Historic leap: Jamaica surges 36 places in Doing Business rankings
Avia Collinder, Business Reporter
Jamaica has achieved the Caribbean region's highest ranking on the ease of doing business, and has jumped 36 places to 58 among 189 economies worldwide, according to the just-released Doing Business 2015 report.
Last year, Jamaica ranked 94. Its vault up the rankings breaks a nine-year streak of decline.
However, the island has received a rap on the knuckles for the slow place of developing electronic interfaces that accompany its extensive reforms and for higher taxation costs.
Doing Business is produced annually by the World Bank, and is usually dated the year ahead of its actual release.
The 2015 report tracks performance from June 2, 2013 to June 1, 2014.
The new report indicates that six of 12 economies in the Caribbean - The Bahamas, the Dominican Republic, Jamaica, St Kitts-Nevis, St Lucia, and Trinidad & Tobago - implemented at least one regulatory reform making it easier to do business in the year of review.
Overall, they implemented 12 reforms, a historic high for the region.

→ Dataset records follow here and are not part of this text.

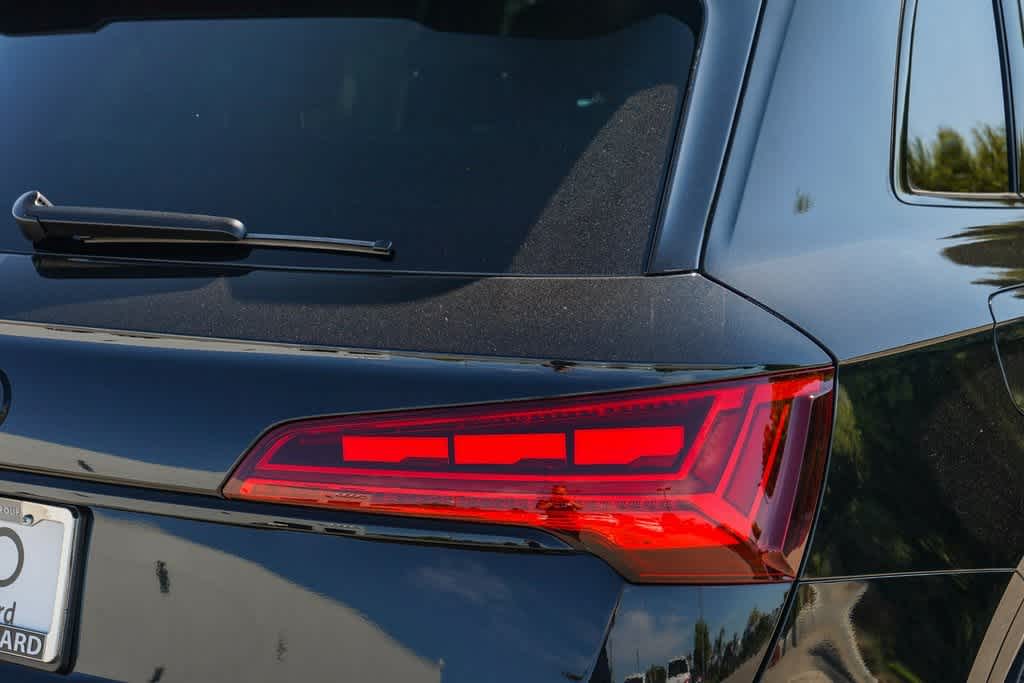 2024 Audi SQ5 Prestige 7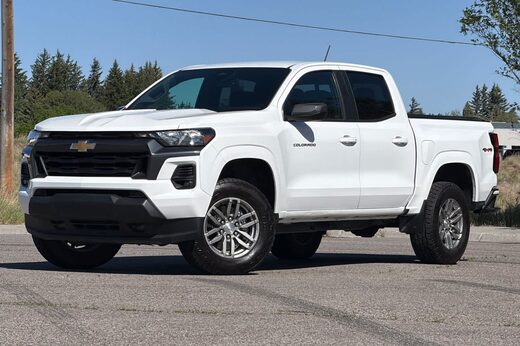 2023 Chevrolet Colorado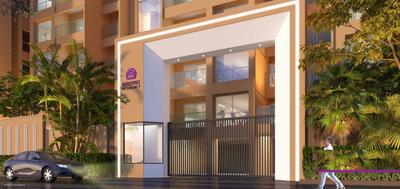 Project Image of 754.13 - 1716.67 Sq.ft 2 BHK Apartment for buy in Anand Mindspace Residency Phase 1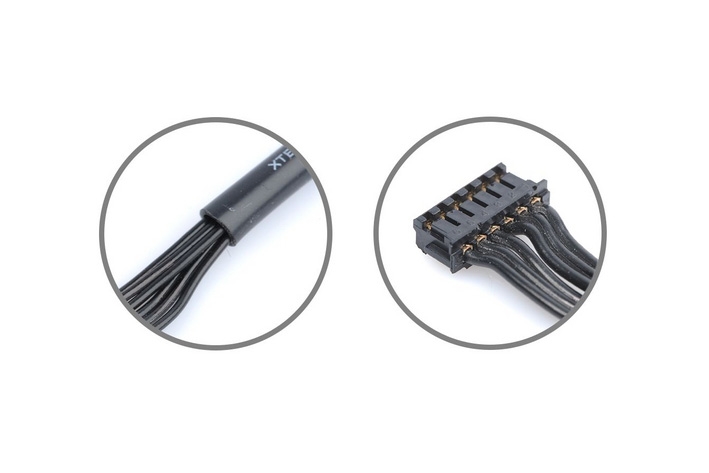 LRP senzorový kabel HighFlex V2 200mm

The World Bank noted reforms for Jamaica in the areas of starting a business, getting electricity connections, getting credit, and paying taxes.
An improved assessment of business-friendliness was widely expected for Jamaica, given its ongoing economic reforms agreed with the International Monetary Fund (IMF) programme - under which gains have been praised both by the IMF's technical team as well as head of the agency, Managing Director Christine Lagarde.
Among 10 indicators, Jamaica ranked 12 for getting credit; 20 in the ease of starting a business; 26 for dealing with construction permits; 59 for resolving insolvencies; 71 for protecting minority investors; 111 for getting electricity; 115 for trading across borders; 117 for enforcing contracts; 126 for registering property; while its worst indicator continues to be paying taxes with a rank of 147.
The Doing Business report says that Jamaica made starting a business easier by consolidating forms, but also made it more time-consuming as a result of delays in the implementation of the electronic interface with different agencies.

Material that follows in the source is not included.